Sushma’s story is unfortunately far from uncommon. In a study conducted in Delhi, more than 50 percent of respondents from rural areas believed that mental disorders are caused by polluted air, and almost half thought them to manifest because of a loss of semen or vaginal fluid, diminished sexual desire, or punishment for past sins.
Moreover, even after recognizing the causes of mental illness symptoms correctly, a majority of people residing in rural India choose to go to local faith-based healers instead of mental healthcare practitioners. This is often due to the discrimination that these patients face from their communities when they visit these certified practitioners, and the difficulty involved in accessing mental healthcare services. Barring Kerala, each of India’s 29 states fell short of the WHO’s requirement of at least 1 psychiatrist for every 100,000 persons.

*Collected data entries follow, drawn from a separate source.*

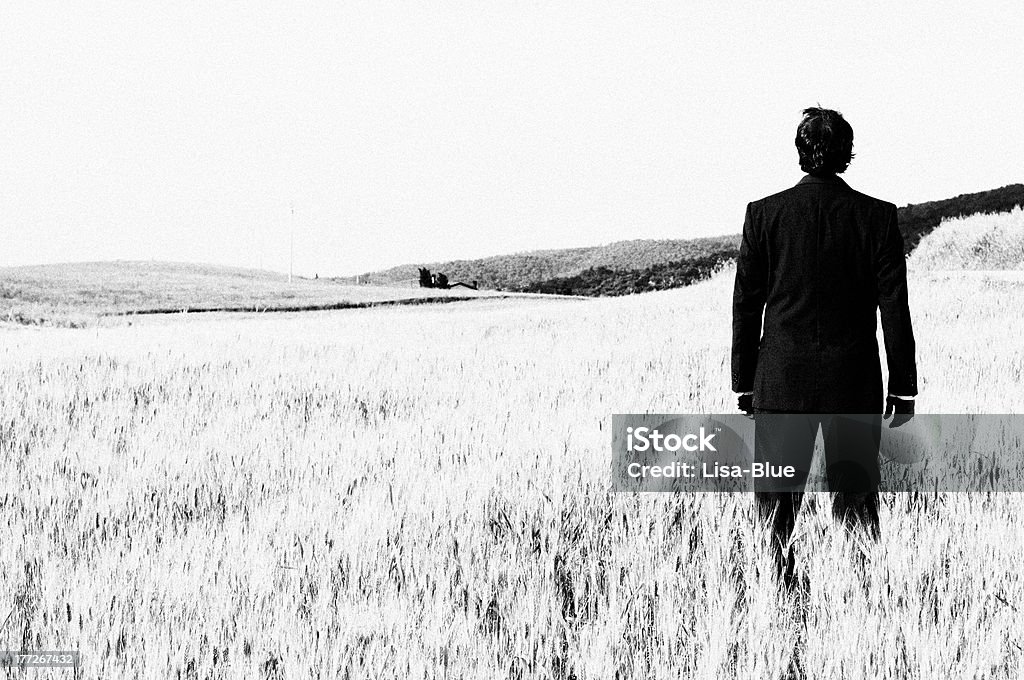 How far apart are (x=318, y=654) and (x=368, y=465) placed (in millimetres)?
3043

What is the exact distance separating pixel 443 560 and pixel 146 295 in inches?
2255

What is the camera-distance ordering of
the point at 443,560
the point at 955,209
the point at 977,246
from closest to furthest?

The challenges to solving the mental health crisis in rural India are immense, but the development sector’s willingness to address them has increased over the last few years. Dasra’s report, Mind the Gap, lays out key priorities for action in the mental health space in India. NGOs such as Ishwar Sankalpa, Minds Foundation, and The Banyan have taken up the mantle for paving the way for a transformative impact in this space.
Critical areas of focus have been integrating mental health into overall healthcare systems; linking solutions to other development priorities to enable full inclusion; and creating viable alternatives to institutional care, such as community-based models. However, India’s annual health expenditure is only 1.15 percent of the gross domestic product, and the mental health budget is merely less than 1 percent of this budget.
Hence, to accelerate traction in these areas, government representatives, philanthropists and non-profits need to come together and collaboratively champion the cause of our society’s most vulnerable and violated groups - so that millions of people can come out the shadows, regain their dignity and live fuller lives in a world that better understands them.The authors are Analysts at the Knowledge Creation and Dissemination team of Dasra — A strategic philanthropic organisation seeking to drive capital towards India’s most pressing problems.